#### Exercise brief
All lines below between the line with "Image of Police" and the line with "Hand-painted Ukrainian chicken Pysanka #33", including both, must be copied exactly, and the pictures must be omitted.
[[ Data provided open ]]
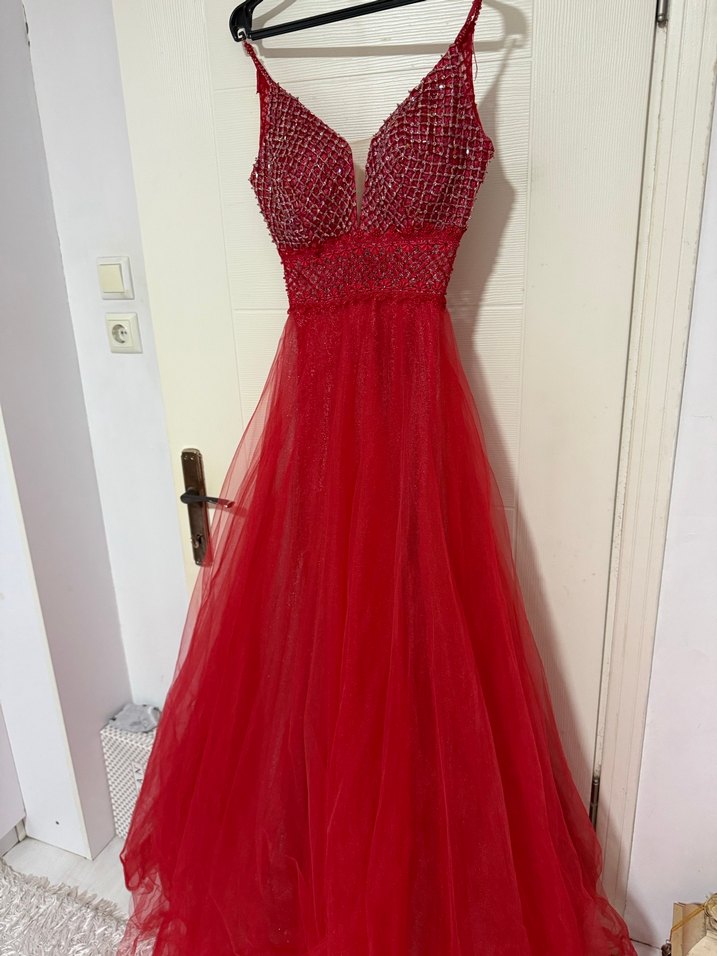 Kırmızı Payetli Uzun Abiye Elbise - Görsel 4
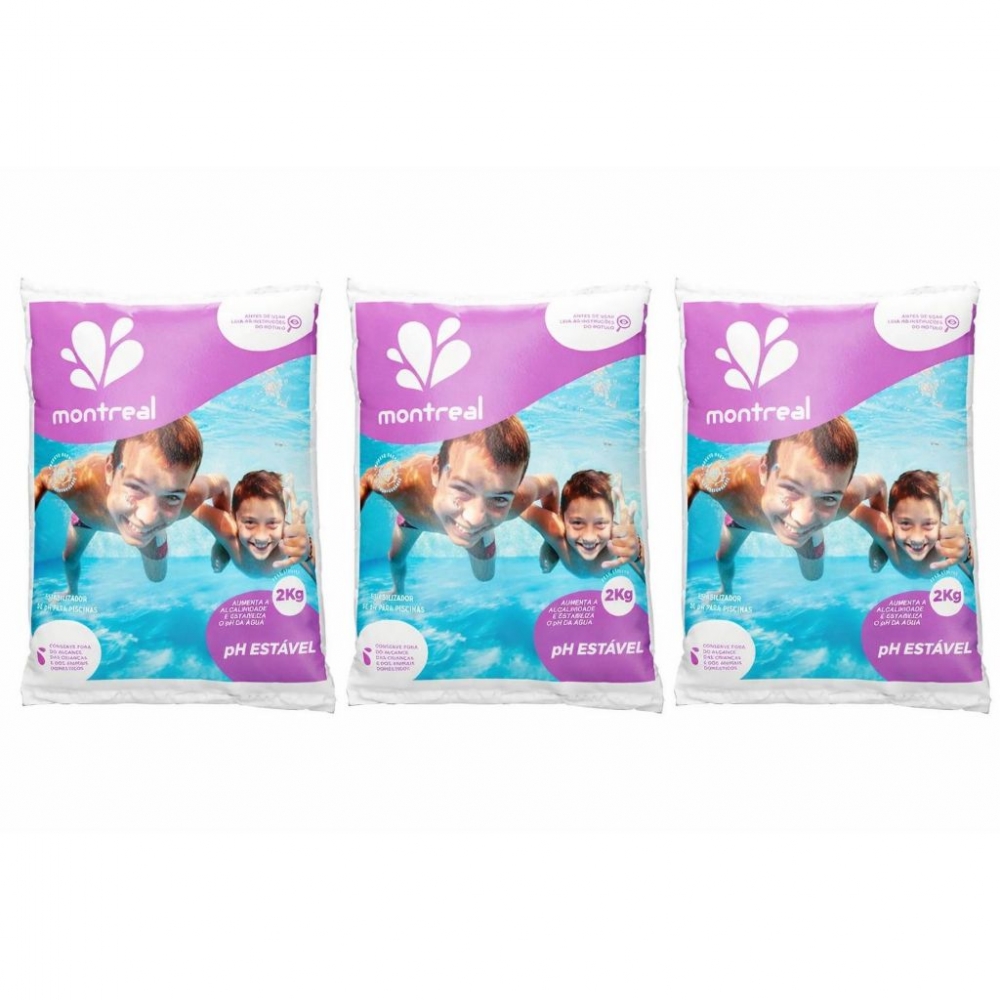 Kit 3 Bicarbonato Montreal pH Estável 2kg cada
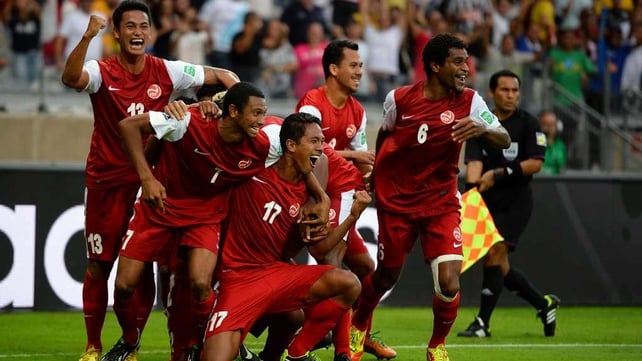 Tahiti celebrate their goal against Nigeria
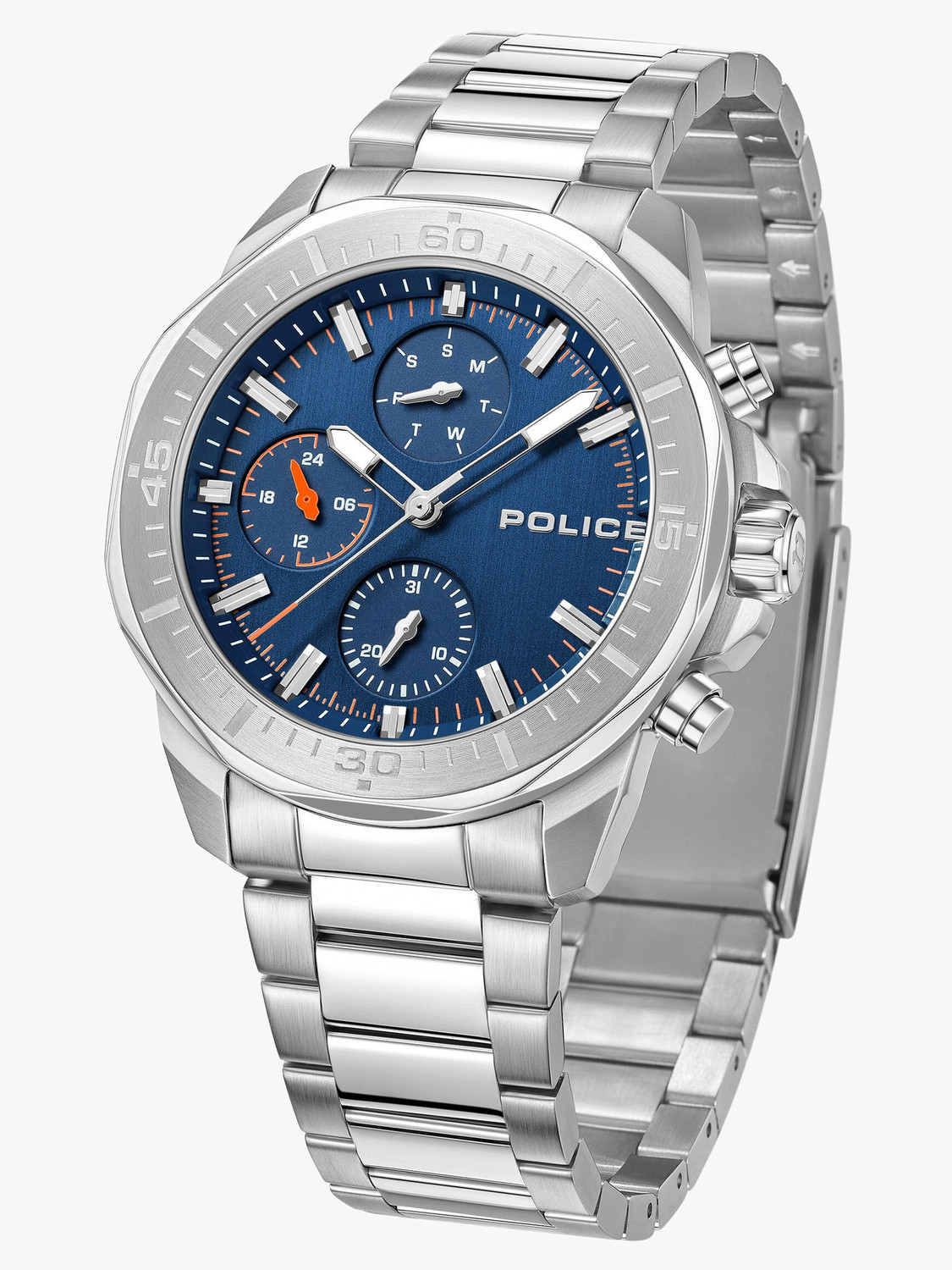 Image of Police Police Multifunction Blue Dial Silver Stainless Steel Strap Analog Watch - For Men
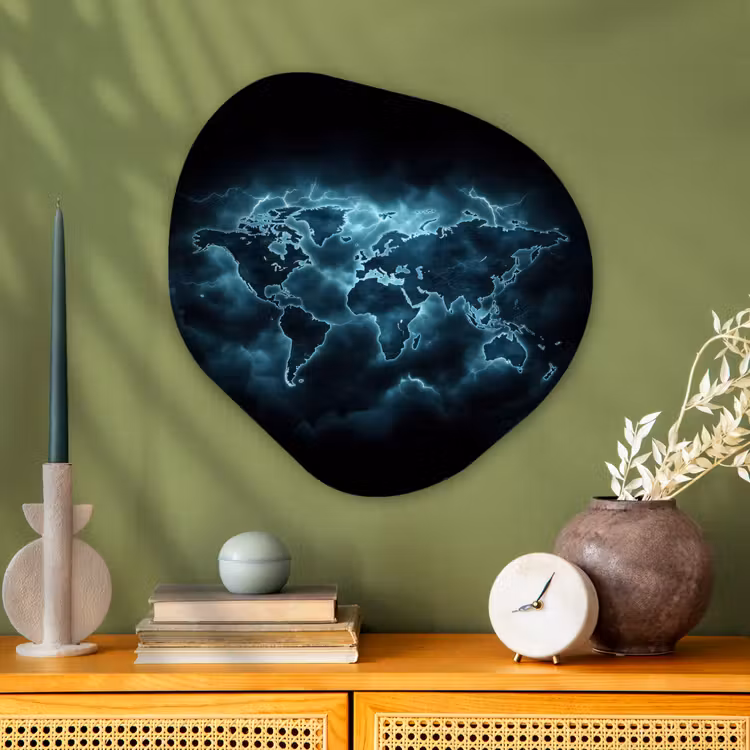 Organisch schilderij - Glas - Wereldkaart - Bliksem - Blauw — 2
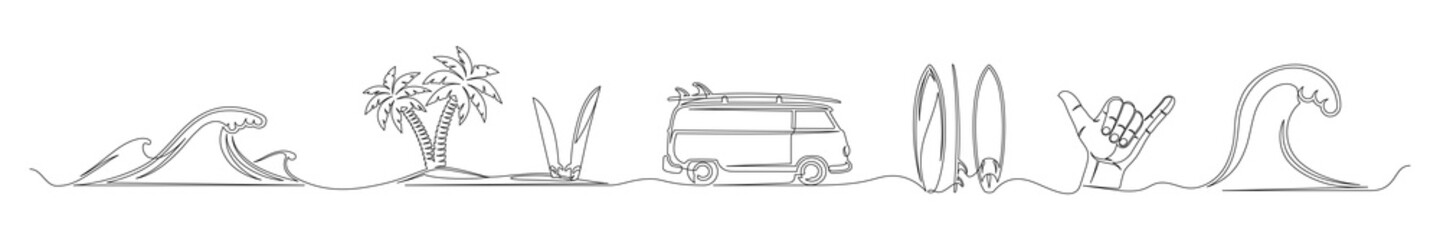 set of continuous one line drawing of a surfing theme. one line of waves, palm trees, surfboards, ca
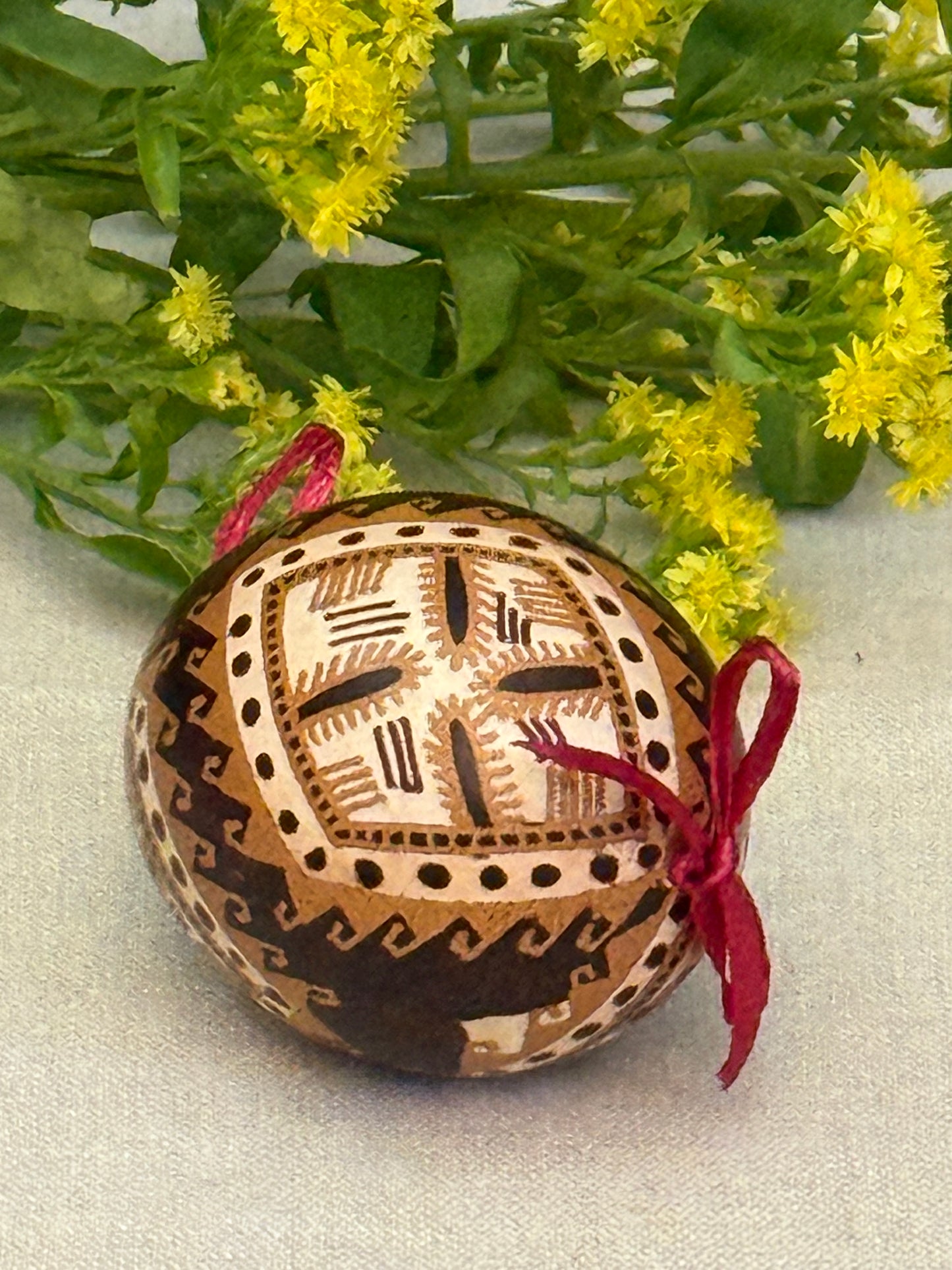 Hand-painted Ukrainian chicken Pysanka #33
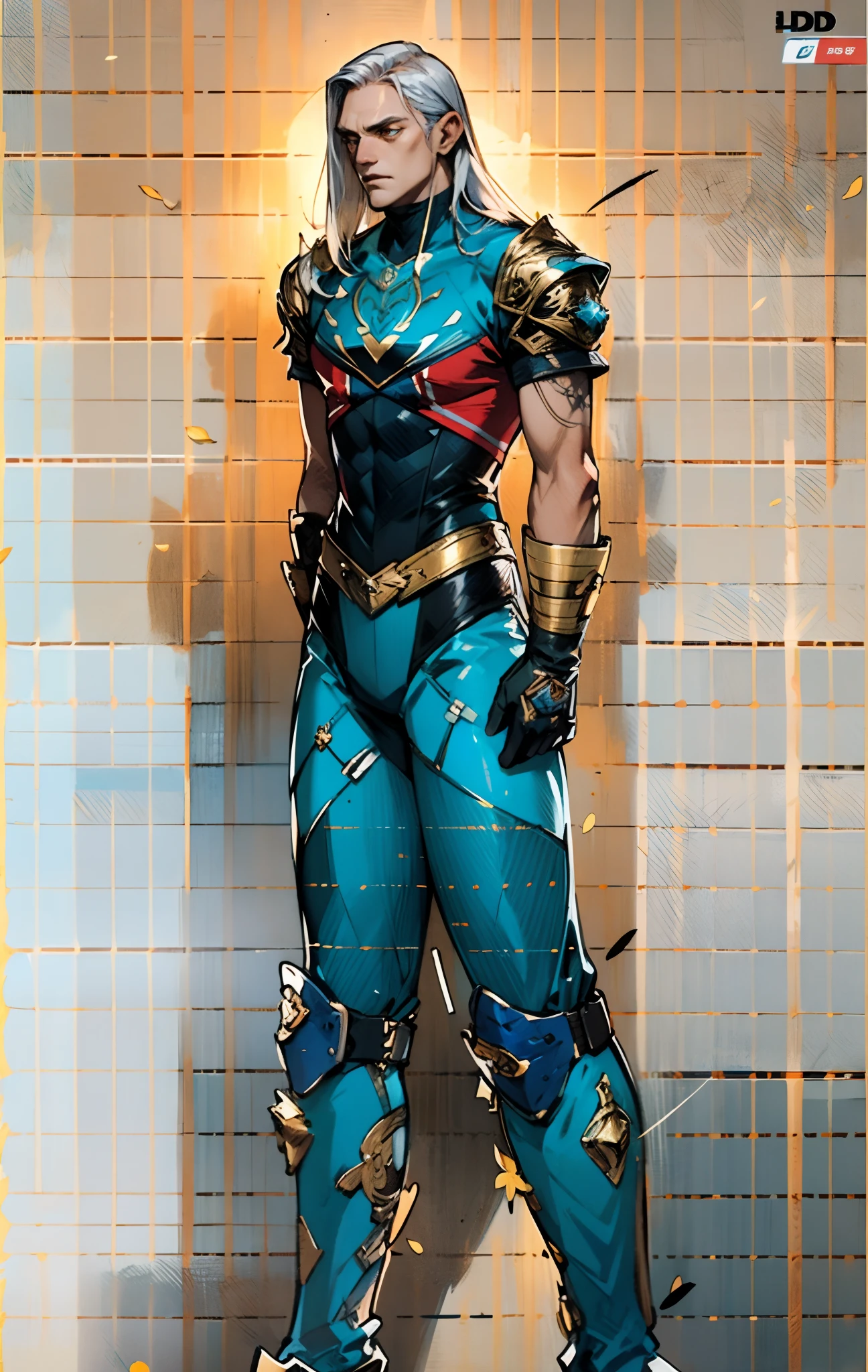 A middle-aged man, long platinum-blond hair, neatly combed hair, a square face, a serious expression, sharp eyes, tall figure, a dark fantasy-realistic style bodysuit, short sleeve, a silver-white chestplate, gloves with metal accessories, three metal blades extending from the gloves, tight-fitting pants that match the bodysuit, silver-white metal shin guards, boots, the background is a mountain forest at night, with falling leaves, this character embodies a finely crafted fantasy-realistic style assassin in anime style, characterized by an exquisite and mature manga illustration art style, high definition, best quality, highres, ultra-detailed, ultra-fine painting, extremely delicate, professional, anatomically correct, symmetrical face, extremely detailed eyes and face, high quality eyes, creativity, RAW photo, UHD, 8k, Natural light, cinematic lighting, masterpiece-anatomy-perfect, masterpiece:1.5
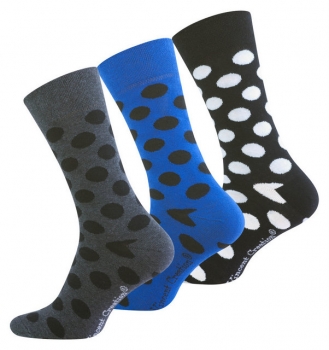 Punkte Socken für Herren mit weichem Bund im 3er Pack Gr. 39/42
[[ Data provided closed ]]
#### Solution to the exercise
 Image of Police Police Multifunction Blue Dial Silver Stainless Steel Strap Analog Watch - For Men
 Organisch schilderij - Glas - Wereldkaart - Bliksem - Blauw — 2
 set of continuous one line drawing of a surfing theme. one line of waves, palm trees, surfboards, ca
 Hand-painted Ukrainian chicken Pysanka #33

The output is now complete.